On Sunday night’s Last Week Tonight, in addition to pouring one out for poor ol’ Jeb “Please Clap” Bush—aka “the side of plain white rice nobody ordered”—host John Oliver aired a brilliant four-minute “How Is This Still a Thing?” segment on Hollywood whitewashing. It’s pegged, of course, to this coming Sunday’s 88th annual Academy Awards, a ceremony mired in #OscarsSoWhite controversy for acknowledging the accomplishments of only white actors for the second straight year.
After calling this year’s nominees “whiter than a Yeti in a snowstorm fighting Tilda Swinton,” Oliver and Co. took aim at the counterclaim that “Hollywood just doesn’t provide enough good roles” for non-white actors. Well, that’s because when there are roles for people of color, they’re usually still played by white actors. “That’s right—Jake Gyllenhaal, a white American with a Swedish last name, was cast to play the Prince of Persia from, you know, Persia,” uttered the voiceover. “And he’s far from alone. Just last year, Emma Stone played the half-Asian Allison Ng in Aloha. Apparently, ‘aloha’ means ‘hello,’ ‘goodbye,’ and ‘you’ve got to be fucking kidding me.’”
This disturbing practice is nothing new, of course. “White actors have taken roles designed for every ethnicity throughout Hollywood history, from John Wayne as Genghis Khan in The Conqueror, to the non-Puerto Rican Natalie Wood as Maria in West Side Story, to the multiple instances of white actors playing Asian characters, from Marlon Brando to, of course, [Mickey Rooney in Breakfast at Tiffany’s]. It’s a performance The New York Times in 1961 actually praised as ‘broadly exotic.’ Seriously.”

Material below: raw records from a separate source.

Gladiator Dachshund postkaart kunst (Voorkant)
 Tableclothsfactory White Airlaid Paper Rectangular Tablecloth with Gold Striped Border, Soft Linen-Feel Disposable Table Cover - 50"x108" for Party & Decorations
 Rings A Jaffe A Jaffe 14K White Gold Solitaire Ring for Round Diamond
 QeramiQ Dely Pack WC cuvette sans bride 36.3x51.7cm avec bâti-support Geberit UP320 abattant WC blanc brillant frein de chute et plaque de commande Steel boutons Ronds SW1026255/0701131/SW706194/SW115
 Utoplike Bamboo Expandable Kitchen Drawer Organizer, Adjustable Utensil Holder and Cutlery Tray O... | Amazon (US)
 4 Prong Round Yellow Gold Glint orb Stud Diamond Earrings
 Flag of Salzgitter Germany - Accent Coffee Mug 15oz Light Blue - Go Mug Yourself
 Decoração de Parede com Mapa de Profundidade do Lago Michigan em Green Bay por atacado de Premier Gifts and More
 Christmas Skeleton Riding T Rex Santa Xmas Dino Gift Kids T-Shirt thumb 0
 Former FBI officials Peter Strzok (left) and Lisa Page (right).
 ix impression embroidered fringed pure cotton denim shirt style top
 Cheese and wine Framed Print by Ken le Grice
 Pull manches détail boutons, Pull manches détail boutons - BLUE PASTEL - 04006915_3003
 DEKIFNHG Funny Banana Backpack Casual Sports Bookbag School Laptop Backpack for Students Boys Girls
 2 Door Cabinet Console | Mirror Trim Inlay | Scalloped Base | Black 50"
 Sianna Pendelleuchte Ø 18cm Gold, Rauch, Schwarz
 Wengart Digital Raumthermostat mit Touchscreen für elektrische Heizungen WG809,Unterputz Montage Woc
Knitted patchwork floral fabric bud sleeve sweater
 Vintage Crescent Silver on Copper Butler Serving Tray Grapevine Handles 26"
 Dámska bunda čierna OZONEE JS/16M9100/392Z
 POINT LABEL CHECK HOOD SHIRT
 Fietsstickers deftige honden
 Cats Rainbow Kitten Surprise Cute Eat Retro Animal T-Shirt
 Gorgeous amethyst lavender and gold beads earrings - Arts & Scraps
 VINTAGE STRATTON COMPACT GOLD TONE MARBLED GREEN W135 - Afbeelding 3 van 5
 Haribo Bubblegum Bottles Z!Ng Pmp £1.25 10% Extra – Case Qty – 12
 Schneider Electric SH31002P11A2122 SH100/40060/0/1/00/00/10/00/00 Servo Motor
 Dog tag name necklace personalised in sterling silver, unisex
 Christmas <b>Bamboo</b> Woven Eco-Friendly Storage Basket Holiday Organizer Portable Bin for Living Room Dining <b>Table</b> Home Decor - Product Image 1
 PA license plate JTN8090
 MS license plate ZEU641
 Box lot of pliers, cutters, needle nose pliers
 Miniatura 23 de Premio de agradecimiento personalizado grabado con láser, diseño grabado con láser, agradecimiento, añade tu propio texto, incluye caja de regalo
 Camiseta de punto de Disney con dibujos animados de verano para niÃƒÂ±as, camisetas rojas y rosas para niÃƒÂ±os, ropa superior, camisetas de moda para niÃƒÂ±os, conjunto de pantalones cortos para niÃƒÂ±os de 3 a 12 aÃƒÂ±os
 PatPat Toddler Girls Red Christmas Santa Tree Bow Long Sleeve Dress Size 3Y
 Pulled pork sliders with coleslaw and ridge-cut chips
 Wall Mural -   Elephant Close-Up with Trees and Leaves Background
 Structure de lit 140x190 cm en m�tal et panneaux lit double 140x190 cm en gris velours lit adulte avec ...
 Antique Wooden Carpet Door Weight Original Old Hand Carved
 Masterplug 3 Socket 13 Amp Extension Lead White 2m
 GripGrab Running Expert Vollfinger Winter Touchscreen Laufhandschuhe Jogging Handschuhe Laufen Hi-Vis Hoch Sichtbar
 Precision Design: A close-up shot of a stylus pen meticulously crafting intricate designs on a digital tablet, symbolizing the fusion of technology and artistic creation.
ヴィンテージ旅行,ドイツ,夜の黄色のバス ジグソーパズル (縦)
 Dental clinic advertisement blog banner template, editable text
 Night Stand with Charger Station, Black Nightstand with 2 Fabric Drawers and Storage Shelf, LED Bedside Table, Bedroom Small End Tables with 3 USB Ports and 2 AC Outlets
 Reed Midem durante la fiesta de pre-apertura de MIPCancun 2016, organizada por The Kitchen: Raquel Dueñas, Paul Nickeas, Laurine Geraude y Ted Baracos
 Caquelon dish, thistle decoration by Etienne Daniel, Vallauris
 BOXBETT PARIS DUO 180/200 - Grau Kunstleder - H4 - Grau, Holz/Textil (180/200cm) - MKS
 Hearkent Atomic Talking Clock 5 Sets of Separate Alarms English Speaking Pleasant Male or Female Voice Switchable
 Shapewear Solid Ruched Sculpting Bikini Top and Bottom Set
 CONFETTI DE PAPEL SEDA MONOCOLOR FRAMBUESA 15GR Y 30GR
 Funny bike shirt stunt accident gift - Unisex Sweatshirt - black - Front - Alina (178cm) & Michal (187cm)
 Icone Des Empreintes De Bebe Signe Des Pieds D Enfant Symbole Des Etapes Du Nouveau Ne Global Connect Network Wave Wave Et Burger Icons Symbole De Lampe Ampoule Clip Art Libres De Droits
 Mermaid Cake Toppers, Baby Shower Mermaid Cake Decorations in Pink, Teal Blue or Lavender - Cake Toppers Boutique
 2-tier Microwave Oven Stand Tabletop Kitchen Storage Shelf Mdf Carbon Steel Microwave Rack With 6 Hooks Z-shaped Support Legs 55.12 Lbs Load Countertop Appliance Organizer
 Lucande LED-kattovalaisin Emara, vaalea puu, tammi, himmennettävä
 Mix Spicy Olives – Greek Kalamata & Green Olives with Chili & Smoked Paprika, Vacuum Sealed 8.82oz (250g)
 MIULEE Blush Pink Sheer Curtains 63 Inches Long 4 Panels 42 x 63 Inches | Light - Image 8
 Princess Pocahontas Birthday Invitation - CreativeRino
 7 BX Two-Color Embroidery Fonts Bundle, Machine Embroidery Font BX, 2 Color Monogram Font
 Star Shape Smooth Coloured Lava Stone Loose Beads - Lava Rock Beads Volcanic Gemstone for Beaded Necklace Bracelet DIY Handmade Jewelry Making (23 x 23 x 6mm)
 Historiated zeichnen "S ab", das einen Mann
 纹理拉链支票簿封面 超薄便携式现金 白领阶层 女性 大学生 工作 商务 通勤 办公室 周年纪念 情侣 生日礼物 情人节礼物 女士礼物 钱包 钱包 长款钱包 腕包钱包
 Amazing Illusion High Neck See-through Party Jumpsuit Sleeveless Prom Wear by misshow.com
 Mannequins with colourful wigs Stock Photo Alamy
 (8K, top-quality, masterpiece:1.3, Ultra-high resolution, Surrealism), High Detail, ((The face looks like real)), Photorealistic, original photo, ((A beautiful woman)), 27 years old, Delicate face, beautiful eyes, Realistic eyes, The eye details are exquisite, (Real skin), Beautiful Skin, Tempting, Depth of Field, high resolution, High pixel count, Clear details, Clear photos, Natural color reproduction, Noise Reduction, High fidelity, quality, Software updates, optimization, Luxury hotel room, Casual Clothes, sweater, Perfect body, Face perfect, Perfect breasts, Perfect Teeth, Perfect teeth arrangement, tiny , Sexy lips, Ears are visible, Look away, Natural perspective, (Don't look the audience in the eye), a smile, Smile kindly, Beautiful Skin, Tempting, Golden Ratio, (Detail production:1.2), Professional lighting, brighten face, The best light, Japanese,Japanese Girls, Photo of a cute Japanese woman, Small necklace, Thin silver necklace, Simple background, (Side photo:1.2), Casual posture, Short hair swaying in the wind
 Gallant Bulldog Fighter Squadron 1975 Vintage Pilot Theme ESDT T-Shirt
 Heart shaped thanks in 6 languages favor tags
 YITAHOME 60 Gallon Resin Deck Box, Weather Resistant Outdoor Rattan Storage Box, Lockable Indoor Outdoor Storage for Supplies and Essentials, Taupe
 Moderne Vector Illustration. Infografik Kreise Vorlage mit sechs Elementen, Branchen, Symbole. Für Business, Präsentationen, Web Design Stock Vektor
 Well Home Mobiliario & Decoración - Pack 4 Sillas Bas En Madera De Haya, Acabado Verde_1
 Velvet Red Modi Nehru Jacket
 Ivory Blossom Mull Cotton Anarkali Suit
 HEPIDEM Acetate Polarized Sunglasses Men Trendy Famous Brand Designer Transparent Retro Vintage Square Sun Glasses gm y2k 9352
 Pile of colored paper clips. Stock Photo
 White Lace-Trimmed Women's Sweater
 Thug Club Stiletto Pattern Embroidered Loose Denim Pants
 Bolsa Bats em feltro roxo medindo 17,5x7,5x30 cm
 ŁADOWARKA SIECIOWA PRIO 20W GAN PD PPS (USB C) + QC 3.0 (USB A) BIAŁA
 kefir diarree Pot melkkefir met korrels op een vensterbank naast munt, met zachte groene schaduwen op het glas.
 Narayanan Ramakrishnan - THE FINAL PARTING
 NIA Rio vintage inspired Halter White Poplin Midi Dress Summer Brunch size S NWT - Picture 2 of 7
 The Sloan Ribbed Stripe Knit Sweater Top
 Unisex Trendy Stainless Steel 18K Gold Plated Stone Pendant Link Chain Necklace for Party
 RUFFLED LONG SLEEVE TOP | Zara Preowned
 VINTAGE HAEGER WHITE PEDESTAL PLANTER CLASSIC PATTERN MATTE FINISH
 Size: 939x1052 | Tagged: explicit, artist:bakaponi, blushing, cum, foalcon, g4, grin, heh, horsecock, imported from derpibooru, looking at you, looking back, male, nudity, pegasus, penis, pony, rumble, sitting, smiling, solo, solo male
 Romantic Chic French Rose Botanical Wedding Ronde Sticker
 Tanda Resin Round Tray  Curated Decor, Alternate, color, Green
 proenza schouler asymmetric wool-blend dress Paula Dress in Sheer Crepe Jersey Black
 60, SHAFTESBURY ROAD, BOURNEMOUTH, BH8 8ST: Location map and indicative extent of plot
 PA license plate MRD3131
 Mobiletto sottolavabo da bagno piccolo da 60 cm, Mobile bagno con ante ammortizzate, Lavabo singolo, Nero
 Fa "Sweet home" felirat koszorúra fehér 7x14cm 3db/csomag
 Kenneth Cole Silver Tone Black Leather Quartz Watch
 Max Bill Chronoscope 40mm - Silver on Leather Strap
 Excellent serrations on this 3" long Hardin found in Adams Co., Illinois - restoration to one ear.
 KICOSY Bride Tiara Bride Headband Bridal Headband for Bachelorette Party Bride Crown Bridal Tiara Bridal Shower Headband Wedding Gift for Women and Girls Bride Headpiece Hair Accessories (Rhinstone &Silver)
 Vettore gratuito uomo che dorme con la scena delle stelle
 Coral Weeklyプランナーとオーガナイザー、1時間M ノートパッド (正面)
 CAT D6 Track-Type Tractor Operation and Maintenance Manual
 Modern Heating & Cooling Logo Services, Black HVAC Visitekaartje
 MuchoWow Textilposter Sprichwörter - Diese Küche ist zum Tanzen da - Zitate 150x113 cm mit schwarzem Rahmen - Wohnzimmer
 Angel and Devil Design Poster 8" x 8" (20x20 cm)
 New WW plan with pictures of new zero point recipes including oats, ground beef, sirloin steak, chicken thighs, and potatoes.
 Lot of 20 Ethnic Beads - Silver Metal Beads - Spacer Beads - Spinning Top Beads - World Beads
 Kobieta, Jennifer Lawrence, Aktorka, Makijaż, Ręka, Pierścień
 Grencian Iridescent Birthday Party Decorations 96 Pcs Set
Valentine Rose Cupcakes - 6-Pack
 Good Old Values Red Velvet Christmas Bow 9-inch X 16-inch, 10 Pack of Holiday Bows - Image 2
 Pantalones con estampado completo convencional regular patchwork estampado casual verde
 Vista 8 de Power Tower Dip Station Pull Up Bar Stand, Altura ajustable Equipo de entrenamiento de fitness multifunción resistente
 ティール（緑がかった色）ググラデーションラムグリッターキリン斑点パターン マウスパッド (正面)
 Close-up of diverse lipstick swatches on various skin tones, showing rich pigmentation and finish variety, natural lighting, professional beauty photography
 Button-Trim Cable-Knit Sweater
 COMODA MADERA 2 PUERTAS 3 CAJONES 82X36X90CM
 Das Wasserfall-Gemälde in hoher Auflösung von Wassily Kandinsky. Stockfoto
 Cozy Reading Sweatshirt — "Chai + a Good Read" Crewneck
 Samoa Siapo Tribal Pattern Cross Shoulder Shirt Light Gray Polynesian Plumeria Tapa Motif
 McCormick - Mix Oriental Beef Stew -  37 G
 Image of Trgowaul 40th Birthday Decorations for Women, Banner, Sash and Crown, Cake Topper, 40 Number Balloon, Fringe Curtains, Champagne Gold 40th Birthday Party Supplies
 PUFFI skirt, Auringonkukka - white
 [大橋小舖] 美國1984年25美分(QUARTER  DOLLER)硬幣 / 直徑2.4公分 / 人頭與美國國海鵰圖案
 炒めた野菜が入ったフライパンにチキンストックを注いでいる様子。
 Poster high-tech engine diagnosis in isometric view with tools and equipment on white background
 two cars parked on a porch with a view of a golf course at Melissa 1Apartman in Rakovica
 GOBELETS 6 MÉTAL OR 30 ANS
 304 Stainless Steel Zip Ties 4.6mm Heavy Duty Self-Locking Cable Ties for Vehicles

“And maybe all of this would be less egregious if every time an actor of color took on a traditionally ‘white’ role, half the country didn’t go apeshit,” said the segment, before referencing the recent racist backlash against the casting of black stars in Star Wars: The Force Awakens, The Hunger Games films, and even the mere speculation that Idris Elba would play James Bond.